Getting End-of-Document POD and Declarative POD to Play Nice in Perl 6

When I wrote more Perl 5, than I do today, I followed Damian Conway's advice about documentation and embraced the so-called end of document style:

package My::Module;

1;
__END__
=begin

=head1 NAME

=head1 SYNOPSIS

=end

I still do this in Perl 6; it just looks a little different:

#| An example module
module My::Module {
}

=begin head1
NAME

My::Module

=end head1

=begin head1
DESCRIPTION

An empty module written for the purposes of demoing POD6.

=end head1

However, if you have declarative POD blocks (like the one attached to module My::Module in the Perl 6 example), you may be in for a slight shock when you render your POD with perl6 --doc:

module My::Module
An example module

NAME

My::Module

DESCRIPTION

An empty module written for the purposes of demoing POD6.

Thus was my dilemma: I wanted to have declarative POD blocks so that the documentation of my code was inspectible in my programs and on the REPL, but I want the lower-level declarative POD to follow the higher-level overview POD I have included at the end of the document. What's a Perl 6 developer to do?
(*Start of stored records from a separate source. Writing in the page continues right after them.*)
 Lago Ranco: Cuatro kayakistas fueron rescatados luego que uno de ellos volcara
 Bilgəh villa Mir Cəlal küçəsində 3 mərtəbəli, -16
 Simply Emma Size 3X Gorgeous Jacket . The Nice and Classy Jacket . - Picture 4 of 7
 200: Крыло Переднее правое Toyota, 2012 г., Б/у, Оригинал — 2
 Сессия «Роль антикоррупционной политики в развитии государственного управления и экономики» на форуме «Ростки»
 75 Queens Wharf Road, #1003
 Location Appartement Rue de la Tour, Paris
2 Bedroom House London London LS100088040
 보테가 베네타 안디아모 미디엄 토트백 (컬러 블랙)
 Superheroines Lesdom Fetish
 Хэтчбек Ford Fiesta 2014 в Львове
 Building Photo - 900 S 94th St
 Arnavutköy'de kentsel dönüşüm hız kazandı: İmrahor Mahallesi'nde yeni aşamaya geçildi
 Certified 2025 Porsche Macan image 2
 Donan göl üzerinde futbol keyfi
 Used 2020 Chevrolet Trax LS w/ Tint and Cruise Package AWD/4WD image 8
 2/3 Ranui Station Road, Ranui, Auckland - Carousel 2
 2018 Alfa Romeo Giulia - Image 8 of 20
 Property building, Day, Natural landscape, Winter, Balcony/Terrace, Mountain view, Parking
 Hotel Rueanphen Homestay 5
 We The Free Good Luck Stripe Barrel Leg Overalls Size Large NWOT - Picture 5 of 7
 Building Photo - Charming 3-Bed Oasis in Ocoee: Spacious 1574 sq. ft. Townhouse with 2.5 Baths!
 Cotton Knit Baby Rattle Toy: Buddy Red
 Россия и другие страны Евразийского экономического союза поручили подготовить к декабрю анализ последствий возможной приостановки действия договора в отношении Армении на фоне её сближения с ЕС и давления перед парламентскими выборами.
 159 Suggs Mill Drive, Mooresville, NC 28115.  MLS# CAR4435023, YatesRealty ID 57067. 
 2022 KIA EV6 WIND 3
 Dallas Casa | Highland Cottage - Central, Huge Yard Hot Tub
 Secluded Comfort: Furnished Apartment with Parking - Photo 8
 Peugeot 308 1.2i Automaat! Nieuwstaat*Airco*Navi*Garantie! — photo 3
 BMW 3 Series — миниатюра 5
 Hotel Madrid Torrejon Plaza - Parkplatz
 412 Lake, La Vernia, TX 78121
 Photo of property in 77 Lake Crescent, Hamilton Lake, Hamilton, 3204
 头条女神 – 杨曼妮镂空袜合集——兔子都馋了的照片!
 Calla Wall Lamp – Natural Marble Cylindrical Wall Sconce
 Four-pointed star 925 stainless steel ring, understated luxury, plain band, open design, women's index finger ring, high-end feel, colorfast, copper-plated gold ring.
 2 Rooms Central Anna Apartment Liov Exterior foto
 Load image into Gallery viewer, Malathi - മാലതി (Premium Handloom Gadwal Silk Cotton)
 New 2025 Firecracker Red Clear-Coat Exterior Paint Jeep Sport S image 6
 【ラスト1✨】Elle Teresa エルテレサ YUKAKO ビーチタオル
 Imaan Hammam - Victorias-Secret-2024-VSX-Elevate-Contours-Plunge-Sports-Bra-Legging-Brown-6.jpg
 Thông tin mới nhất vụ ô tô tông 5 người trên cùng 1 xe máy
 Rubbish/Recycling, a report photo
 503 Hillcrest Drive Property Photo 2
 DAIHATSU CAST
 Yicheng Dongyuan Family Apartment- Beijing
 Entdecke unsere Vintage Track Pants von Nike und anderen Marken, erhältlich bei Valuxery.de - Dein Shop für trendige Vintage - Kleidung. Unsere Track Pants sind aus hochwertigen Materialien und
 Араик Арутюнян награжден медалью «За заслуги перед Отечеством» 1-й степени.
If this were Perl 5, I would probably use Pod::Weaver or something, but in Perl 6, changing POD is a built-in feature!

Enter Pod::EOD

First of all, let me just show off the module I wrote to fix this, Pod::EOD:

#| An example module
module My::Module {
}

DOC INIT {
    use Pod::EOD;
    move-declarations-to-end($=pod);
}

=begin head1
NAME

My::Module

=end head1

=begin head1
DESCRIPTION

An empty module written for the purposes of demoing POD6.

=end head1

All it does is make sure that non-declarative POD comes first:

NAME

My::Module

DESCRIPTION

An empty module written for the purposes of demoing POD6.

module My::Module
An example module

So how does this work?

DOC blocks

Perl 6 has a special feature for manipulating POD: DOC blocks. When the parser encounters DOC INIT, DOC CHECK, or DOC BEGIN, it only executes their contents if --doc was provided on the command line. The POD for the current module is available via the $=pod variable The = twigil refers to POD variables The = twigil refers to POD variables , so we pass $=pod to the one subroutine exported by Pod::EOD, and it does the rearranging for us.

There is a lot of potential in DOC blocks; you can rearrange POD in other ways, assemble POD from other modules in your distribution, dynamically generate and inject new POD elements, or remove POD from the final rendering. Since you can control it with Perl 6 code, the possibilities are limitless.

You can find more details on DOC blocks here.

Caveats & Wishes

If you have the following code:

DOC INIT {
    use Pod::EOD;
}

...but you don't have Pod::EOD installed, the file with that code in it will fail, even if you're not using --doc. On one hand, I understand why this would happen; use statements happen at compile time (see if False { use Module; }. However, S26 (which defines the behavior for DOC) implies that code within DOC blocks doesn't get executed at all unless --doc is provided. Documentation-based dependencies could be specified in META6.json via doc_requires, analogous to test_requires.

Either way, a nice-to-have for me would be to have nicer error messages for when DOC required modules are missing; something along the lines of:

You seem to be missing the 'Pod::EOD' module; you'll need to install it
(via 'panda install Pod::EOD' or 'zef install Pod::EOD') in order to view
this module's documentation.

Another wish I have (that probably won't happen until 6.d) is that modules loaded in DOC blocks have some way of getting at the POD document being parsed without having the user call a sub exported by the module. For example:

DOC use Pod::EOD; # this would be so much nicer!